Seminar di semua fakultas pun rajin Gloria ikuti demi mengumpulkan kotak-kotak snack yang tersisa untuk untuk makan malam. Saking hematnya, ia pun mendapat julukan ‘Menteri Ekonomi’.

“Ahli ekonomi dalam memanfaatkan ekonomi teman-teman. Misalnya, mereka lagi kumpul nih, aku tanya, ‘Punya duit logam enggak terpakai enggak? Kalau ada, minta, minta, minta.’ Uang itu bisa kepakai untuk sekali makan siang, lebih Rp 500 malah,” cerita Gloria sambil memeragakan dirinya memunguti uang recehan dari temannya.

Gloria Tamba, NOT COVER

Keadaan finansial Gloria mulai terbantu kala ia menjadi salah satu penerima Djarum Beasiswa Plus 2004/2005 dan 2005/2006. Ia bahkan aktif mengikuti lomba karya tulis yang digelar Djarum Foundation. Ia menyabet juara dua tingkat nasional dan mendapatkan uang Rp 25 juta. Uang itu digunakan untuk membiayai tiket pesawat orang tuanya menghadiri wisuda dan membantu kakaknya merantau di Jakarta.

Karya tulis yang membawa Gloria juara itu membuatnya mendapat titel Lulusan Terbaik Tingkat Universitas.
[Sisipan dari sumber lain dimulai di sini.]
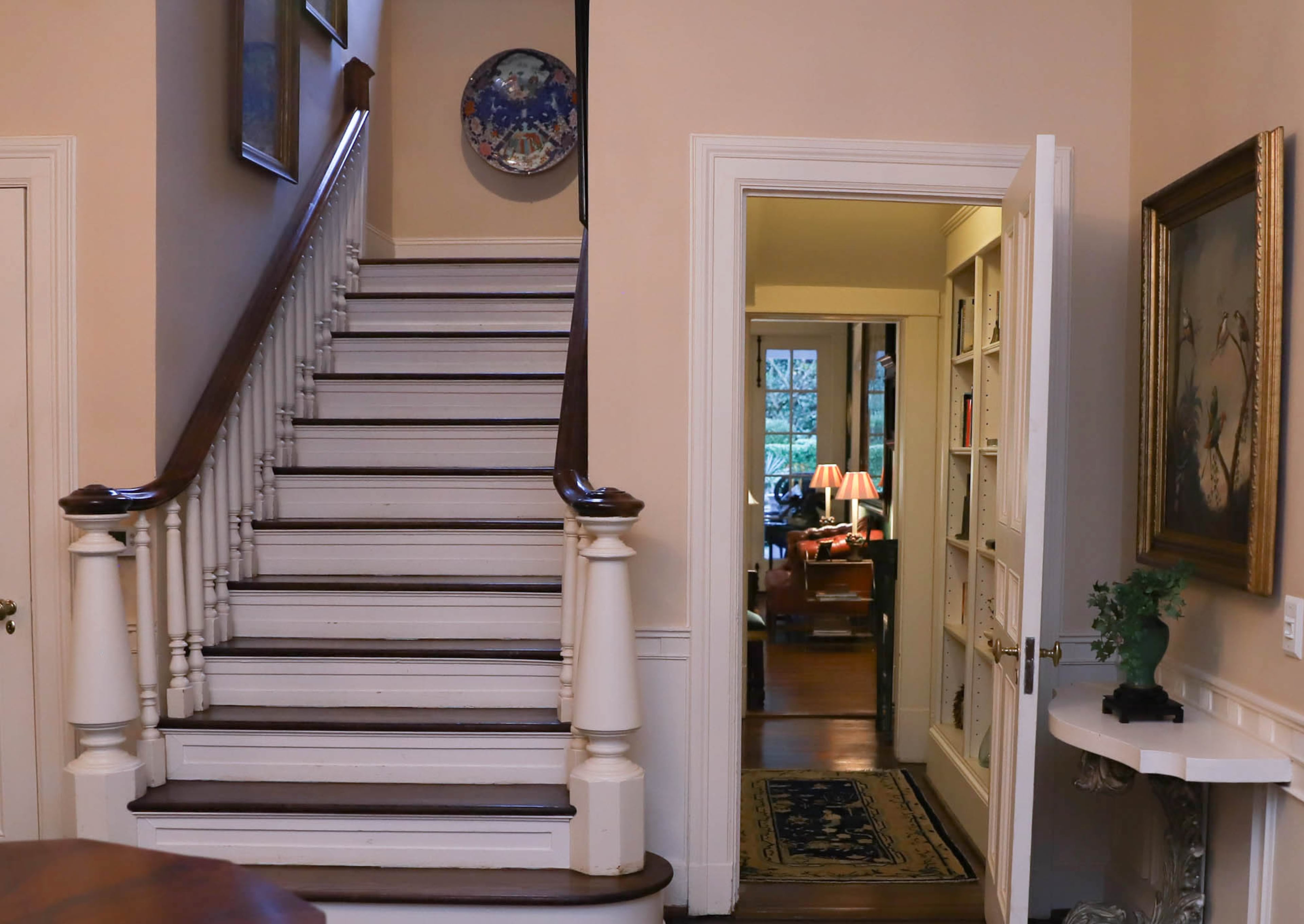 An Imari porcelain charger in the stairwell is one of the couple's favorite collected items in their home. They purchased it in New Orleans. Text by Lori Johnston/Fast Copy News Service.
Padahal Indeks Prestasi Gloria tak setinggi mahasiswa yang menjadi Lulusan Terbaik Kedua. Karya tulis itu pula yang menjadi portofolionya saat mendaftar di Kantor Hukum Hotma Sitompoel dan LBH Mawar Sharon hingga ia diterima sebagai salah satu pengacara di sana.

Gloria Tamba, NOT COVER

Selama 12 tahun menjadi pengacara, Gloria sudah terlibat menangani ribuan kasus baik pro bono maupun profesional. Berkali-kali ia menyebut pujian kepada Tuhan sebagai rasa syukur bisa lulus kuliah saat itu karena terbantu Djarum Beasiswa Plus.

“Tanpa mengurangi rasa hormat kepada seluruh pengorbanan orang tuaku, bisa kubilang kalau dulu misalnya enggak ikut Beswan Djarum mungkin enggak (jadi pengacara) seperti ini, termasuk pola pikirnya berubah, karena di pelatihan beasiswa itu diajarkan tentang kebersamaan dan tentang kepedulian,” tutupnya.